I do not think this is an accurate statement. The applicant's evidence was that he had spoken by phone to Mr Chohaili although it is true that he had not met him. The statement that the applicant was satisfied that Mr Chohaili "had adequately expressed his views in writing" were not the applicant's words, although he did agree, in answer to a leading question, that he did not need the witness to give oral evidence, see at [41].

[88] It seems to me that the passages which I have quoted from the transcript indicate that the RRT member gave the applicant the impression, not only that Mr Chohaili's evidence was favourable but also that the evidence would be accepted.

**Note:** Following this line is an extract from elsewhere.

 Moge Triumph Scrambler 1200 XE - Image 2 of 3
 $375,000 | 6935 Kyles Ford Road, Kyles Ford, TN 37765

[89] The question which then arises is whether, prior to making a finding that it did not accept Mr Chohaili's evidence, the RRT came under an obligation of procedural fairness to give the applicant notice of its intention to make that finding and to provide him with an opportunity to put submissions against it.

[90] A decision as to whether a person is to be granted a protection visa affects the person's rights, interests and expectations. The rules of procedural fairness apply unless they are excluded by plain words of "necessary intendment" in the Act; see Annetts v McCann (1990) 170 CLR 596 at 598; Re Minister for Immigration and Multicultural Affairs; Ex parte Miah (2001) 206 CLR 57 at [90], [126] and [171] - [172].

[91] Division 4 of Part 7 of the Act deals with the conduct of a review by the RRT. There are two provisions of Division 4 which need to be considered in this factual context in order to determine whether the Act excluded any common law obligation of procedural fairness in relation to the RRT's findings about Mr Chohaili's evidence.

[92] Section 424A(1) provides that the RRT must give to an applicant particulars of any information that the RRT considers would be a reason or part of the reason for affirming the decision under review. This obligation does not apply to the categories of information referred to in s 424A(3).

[93] Section 426(3) of the Act provides that if the RRT is notified by an applicant that he or she wants the RRT to obtain oral evidence from a person, the RRT must have regard to the applicant's wishes but is not required to obtain evidence, orally, or otherwise from that person.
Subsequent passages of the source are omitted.